Upset by what they see as government bailouts of banks that still aren't lending money, several small broker-dealers are floating the idea of getting government money to smaller firms.
They say it would spur lending to small-business clients starved for credit.
Such a plan wouldn't be similar to the Troubled Asset Relief Program “but a pool of funds given to small broker-dealers,” said Alan Davidson, owner of Zeus Securities Inc.
The 4,400 firms that qualify as small broker-dealers “are perfectly positioned to get capital to small businesses” through their normal capital-raising activity, he said.

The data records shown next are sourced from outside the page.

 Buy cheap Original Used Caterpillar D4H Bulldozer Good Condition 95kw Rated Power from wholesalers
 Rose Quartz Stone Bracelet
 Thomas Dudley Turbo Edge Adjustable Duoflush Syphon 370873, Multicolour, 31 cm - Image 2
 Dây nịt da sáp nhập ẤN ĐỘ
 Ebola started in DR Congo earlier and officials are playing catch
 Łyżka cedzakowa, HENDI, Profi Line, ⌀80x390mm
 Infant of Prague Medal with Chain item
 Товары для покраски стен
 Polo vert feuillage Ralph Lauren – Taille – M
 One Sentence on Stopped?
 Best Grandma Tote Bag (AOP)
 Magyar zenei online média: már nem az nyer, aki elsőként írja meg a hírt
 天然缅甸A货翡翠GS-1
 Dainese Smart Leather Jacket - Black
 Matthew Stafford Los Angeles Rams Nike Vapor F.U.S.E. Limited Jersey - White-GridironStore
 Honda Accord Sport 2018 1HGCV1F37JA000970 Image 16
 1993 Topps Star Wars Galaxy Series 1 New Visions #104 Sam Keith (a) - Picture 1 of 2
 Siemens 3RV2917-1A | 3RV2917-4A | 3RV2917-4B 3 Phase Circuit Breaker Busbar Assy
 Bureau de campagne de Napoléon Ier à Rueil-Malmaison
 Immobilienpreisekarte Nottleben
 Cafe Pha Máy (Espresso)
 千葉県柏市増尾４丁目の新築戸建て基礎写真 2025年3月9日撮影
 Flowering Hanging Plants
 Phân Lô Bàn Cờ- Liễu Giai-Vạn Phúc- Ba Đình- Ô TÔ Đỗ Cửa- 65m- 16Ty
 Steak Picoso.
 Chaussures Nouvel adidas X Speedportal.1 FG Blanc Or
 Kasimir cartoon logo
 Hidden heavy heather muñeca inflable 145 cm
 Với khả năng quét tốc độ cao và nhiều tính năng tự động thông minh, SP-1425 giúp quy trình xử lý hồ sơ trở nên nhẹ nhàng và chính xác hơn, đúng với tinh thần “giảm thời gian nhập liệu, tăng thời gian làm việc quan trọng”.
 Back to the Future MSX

Mr. Davidson, who runs the 250-member Independent Broker-Dealer Association Inc., and his ally in the government-funding cause, Tommasina Olson, owner of LifeVest Financial Inc., were scheduled to meet last Monday with Rep. Barney Frank, D-Mass., chairman of the House Financial Services Committee.
Mr. Frank had to cancel at the last minute, but his office is promising a new meeting, Ms. Olson said.
“I think [small firms] would be a good bet to get the economy going again,” she said. “The money would be to assist us in loaning to our clients.”
Mr. Davidson and Ms. Olson said that details of how government money might be run through small brokerage firms will have to be worked out.
But the “mechanics for [small-business lending] are in place” at broker-dealers, Mr. Davidson said.
“It's not like [the government would] have to plead with us [to lend] like they have to with the banks,” he said.